PROBLEM: Return the first line of the listing below and all the lines after it through the one containing "Processing time: 5-15 business days.", exactly, without pictures.

DATASET:
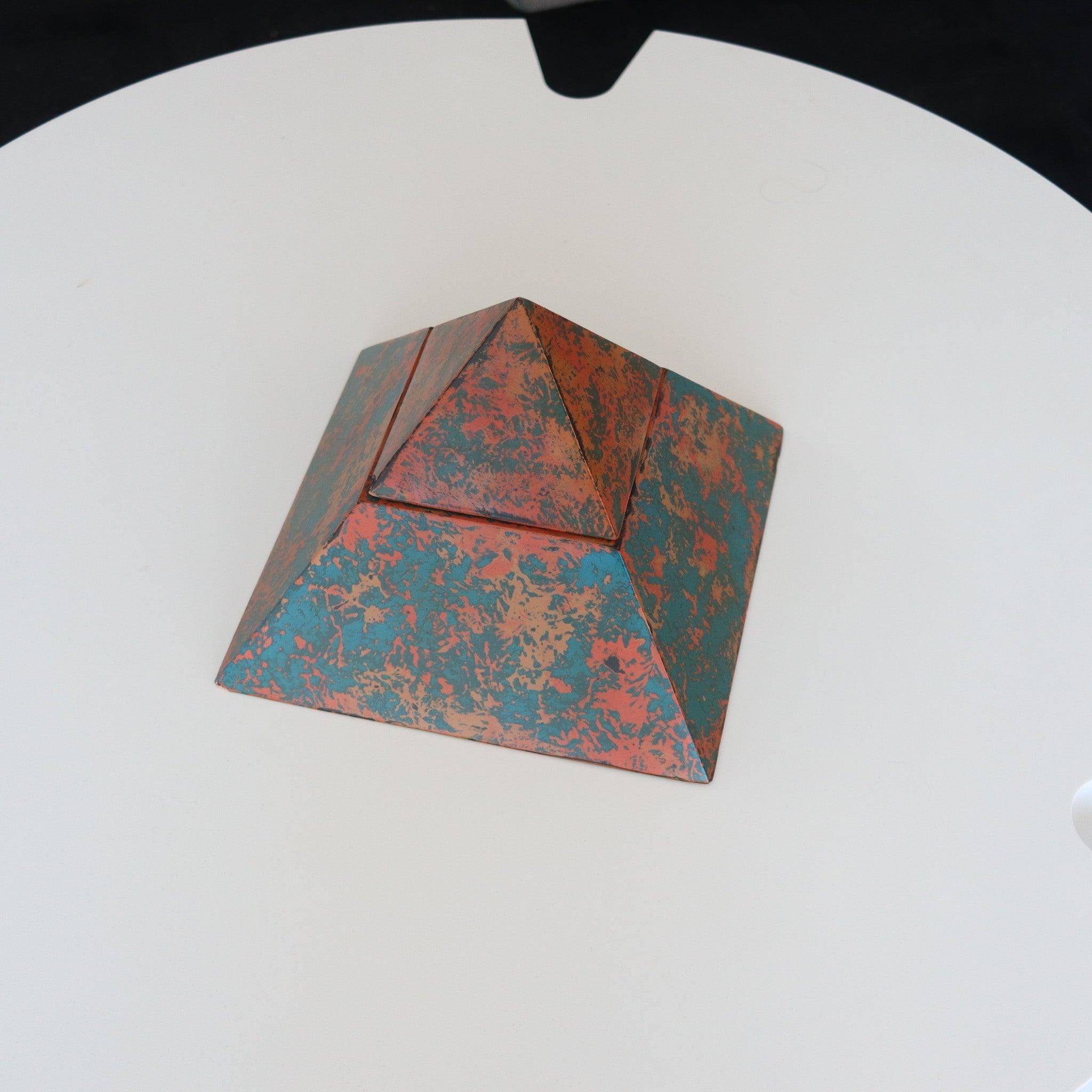 A postmodernism pyramid shaped box.

This is an amazing and very decorative vintage box created during the postmodernism period and dated by the artist 1992. The decorative box is an early work by Watson, crafted in the shape of a pyramid in solid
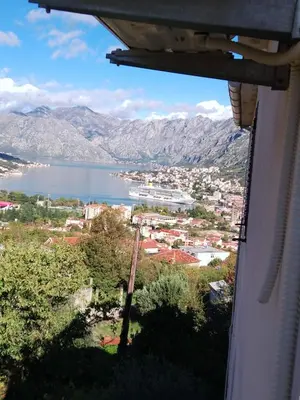 a view of a city and a body of water at Apartman Blazo in Škaljari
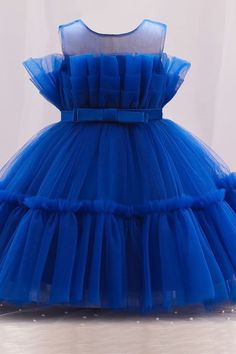 Modsele blue girl party dress features with sheer rounded neckline, bow belt at waist and multi-layer skirt.
Product Details:

SKU:PD1996
Tulle Material
Knee Length
Size: Child 2-14. True to size chart. Check our Size Chart to get your correct size. 
Our child size is not according to age or height.
Recommend custom size for plus size.
Free custom size and color service is available. Email your exact measurements and color number once order is placed. 
Fully lined 
Processing time: 5-15 business days. 

Feel free to contact our customer service: contact@modsele.com if you have any questions. Dresses Church, Tulle Material, Bow Belt, Blue Tulle, Kids Designer Dresses, Girls Party Dress, Layered Skirt, Girl Party, Baby Dress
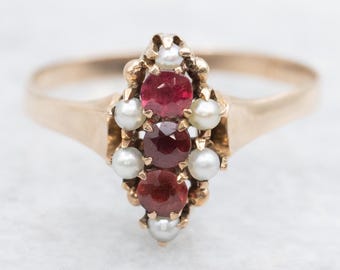 Könnte beinhalten: Ein goldener Ring mit einer Anordnung aus drei roten Edelsteinen und sechs kleinen weißen Perlen. Der Ring hat ein schlichtes Goldband, und die Edelsteine sind in einer dekorativen Goldeinfassung gefasst.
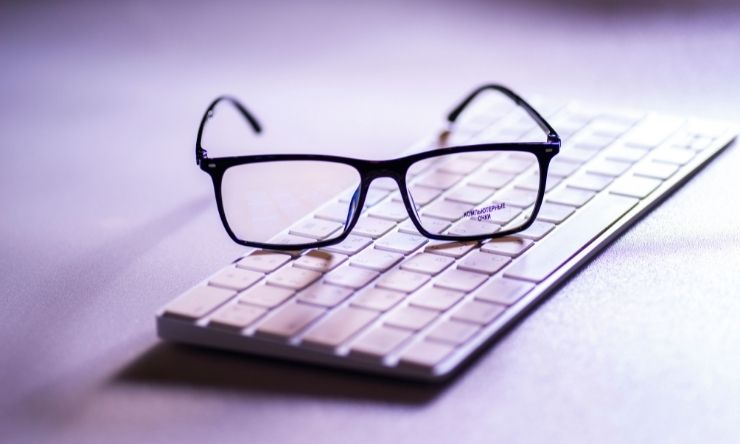 Image of reading glasses placed on a computer keyboard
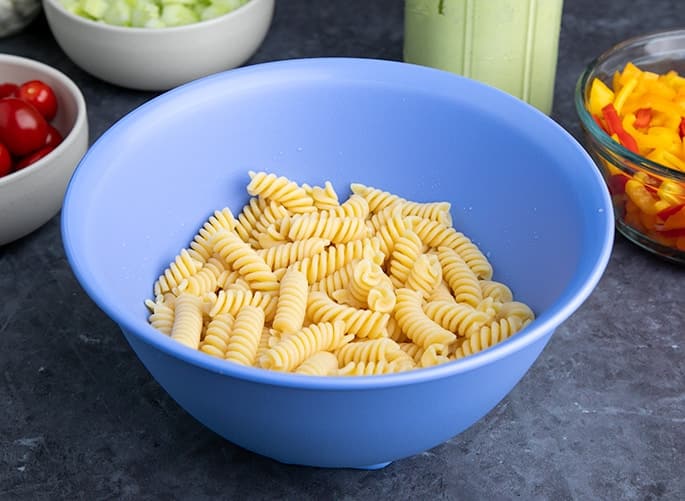 Cooked fusilli pasta in blue serving bowl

RESPONSE AREA:
 A postmodernism pyramid shaped box.

This is an amazing and very decorative vintage box created during the postmodernism period and dated by the artist 1992. The decorative box is an early work by Watson, crafted in the shape of a pyramid in solid
 a view of a city and a body of water at Apartman Blazo in Škaljari
 Modsele blue girl party dress features with sheer rounded neckline, bow belt at waist and multi-layer skirt.
Product Details:

SKU:PD1996
Tulle Material
Knee Length
Size: Child 2-14. True to size chart. Check our Size Chart to get your correct size. 
Our child size is not according to age or height.
Recommend custom size for plus size.
Free custom size and color service is available. Email your exact measurements and color number once order is placed. 
Fully lined 
Processing time: 5-15 business days. 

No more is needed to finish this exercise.